Responding to the call, we opened the doors of languages, cultures, continents, ages and ways of service and we turned this Session into a fertile ground where the dream of our Founders may continue to grow. It is God who wanted this Company of young women from different countries to form but one heart;a Company that keeps this end in view, not that of a work that is limited to a style of service, a country, a region or a language. Our purpose, which is to serve Christ in the person of the poor, sends us constantly to make charity an encounter and thus to proclaim our joy in belonging to God.
During those days, we drunk directly from the sources of our charism and experienced how our whole being was imbued with the freshness that comes from returning again and again to the Spirit that moved our Founders, walking on the same grounds of this audacious foundation and recognising and committing ourselves to the challenges that this original audacity continues to pose for us today so as to honour the heritage we have received.
We were made more aware of the commitment to learn to live and journey together, and of the continuous need to renew the heart and spirit by nourishing a solid interior life.
The Company of yesterday and today is no longer part of the books we have studied or news from afar; it has become the places, faces, testimonies, relics, love guarded and sustained from generation to generation.

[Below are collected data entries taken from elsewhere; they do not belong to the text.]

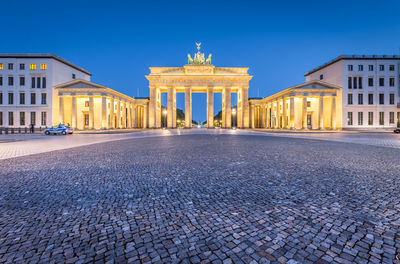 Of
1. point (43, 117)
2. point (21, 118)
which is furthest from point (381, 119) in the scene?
point (21, 118)

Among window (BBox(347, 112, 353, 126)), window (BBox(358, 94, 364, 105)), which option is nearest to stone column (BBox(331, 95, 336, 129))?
window (BBox(347, 112, 353, 126))

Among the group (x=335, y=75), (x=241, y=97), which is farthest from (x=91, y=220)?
(x=335, y=75)

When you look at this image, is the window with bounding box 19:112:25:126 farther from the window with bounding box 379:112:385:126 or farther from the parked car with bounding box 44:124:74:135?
the window with bounding box 379:112:385:126

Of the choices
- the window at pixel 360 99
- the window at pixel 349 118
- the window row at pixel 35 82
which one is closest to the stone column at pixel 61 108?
the window row at pixel 35 82

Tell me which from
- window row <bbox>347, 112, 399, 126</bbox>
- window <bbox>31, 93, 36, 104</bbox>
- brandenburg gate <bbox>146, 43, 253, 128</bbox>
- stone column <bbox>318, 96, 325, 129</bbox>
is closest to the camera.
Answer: stone column <bbox>318, 96, 325, 129</bbox>

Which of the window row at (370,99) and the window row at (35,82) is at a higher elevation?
the window row at (35,82)

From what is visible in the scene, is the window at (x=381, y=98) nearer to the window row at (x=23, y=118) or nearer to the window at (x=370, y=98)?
the window at (x=370, y=98)

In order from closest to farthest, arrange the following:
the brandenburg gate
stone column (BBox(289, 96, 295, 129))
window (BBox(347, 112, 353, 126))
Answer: stone column (BBox(289, 96, 295, 129)) → window (BBox(347, 112, 353, 126)) → the brandenburg gate

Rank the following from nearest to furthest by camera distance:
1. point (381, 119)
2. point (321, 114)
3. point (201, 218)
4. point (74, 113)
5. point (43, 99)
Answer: point (201, 218)
point (74, 113)
point (321, 114)
point (381, 119)
point (43, 99)

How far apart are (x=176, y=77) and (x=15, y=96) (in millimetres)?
36761

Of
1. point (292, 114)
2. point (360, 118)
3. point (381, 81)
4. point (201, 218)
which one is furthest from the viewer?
point (360, 118)

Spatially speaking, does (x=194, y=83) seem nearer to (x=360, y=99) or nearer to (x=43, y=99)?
(x=43, y=99)

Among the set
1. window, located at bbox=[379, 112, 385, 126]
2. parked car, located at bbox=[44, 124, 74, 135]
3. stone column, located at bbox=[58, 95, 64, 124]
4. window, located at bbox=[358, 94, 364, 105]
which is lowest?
parked car, located at bbox=[44, 124, 74, 135]

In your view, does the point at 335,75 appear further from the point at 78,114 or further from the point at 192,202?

We are certain that the Company is loved by God and we want to continue to be part of this lineage that always hastens to charity, after the example of Mary, our Mother.

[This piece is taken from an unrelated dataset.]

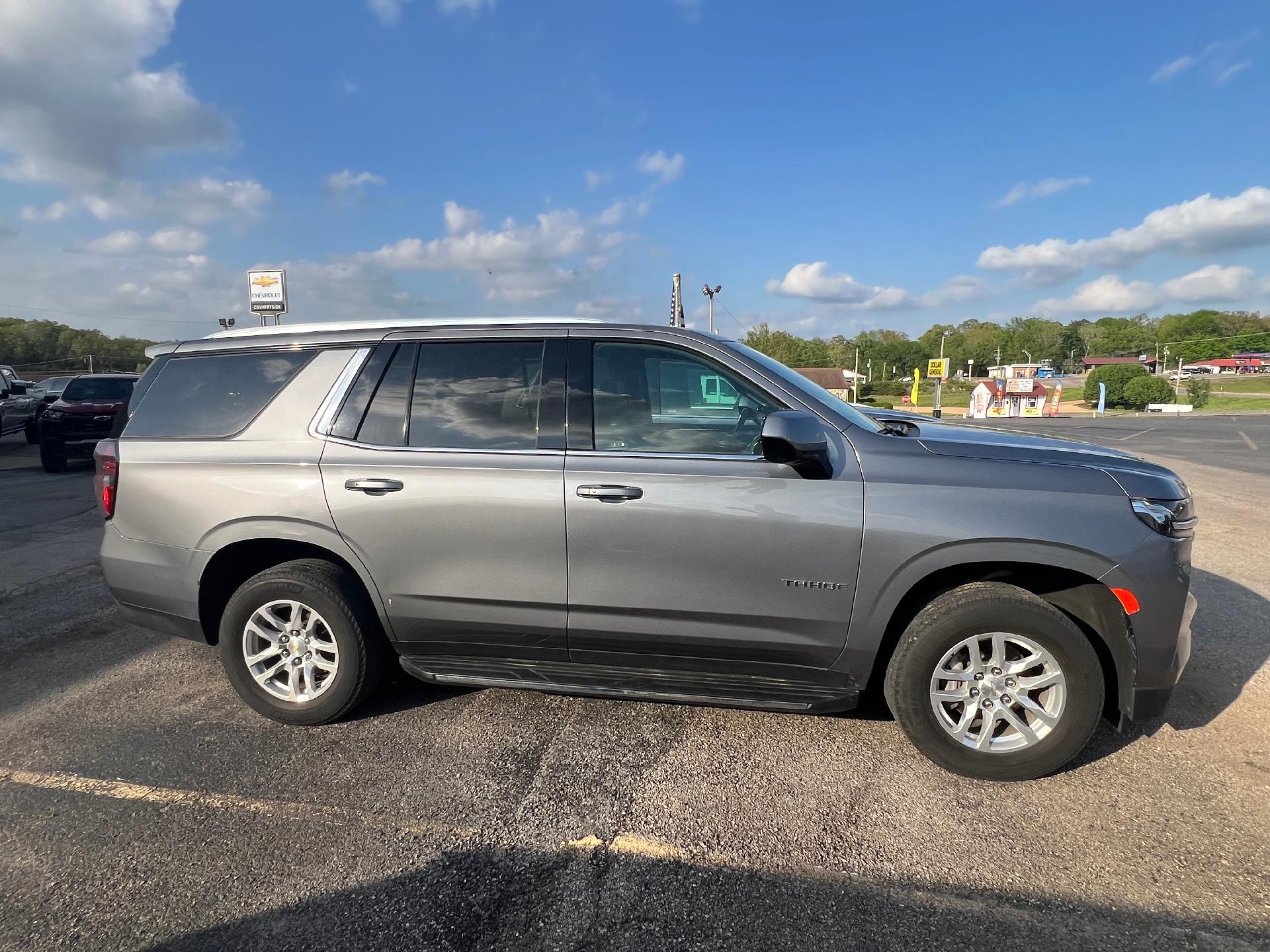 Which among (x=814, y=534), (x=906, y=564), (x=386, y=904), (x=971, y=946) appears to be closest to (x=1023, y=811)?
(x=971, y=946)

We are especially grateful to God, to Sister Françoise and her Councillors and to all those who have worked tirelessly to offer us this vocational gift: from the speakers, the coordinators, and the translators up to the silent and anonymous givers of service. We delight in the unique experience of living internationality and fraternity, of returning to our roots. It confirms our desire to continue to serve Christ in the person of the poor and we ask God that it may only be His Spirit who sends us to break through the gates …
May Mary of the Visitation urge us to return in haste to our service so that we may bring Jesus to all those we serve with gentleness and cordiality.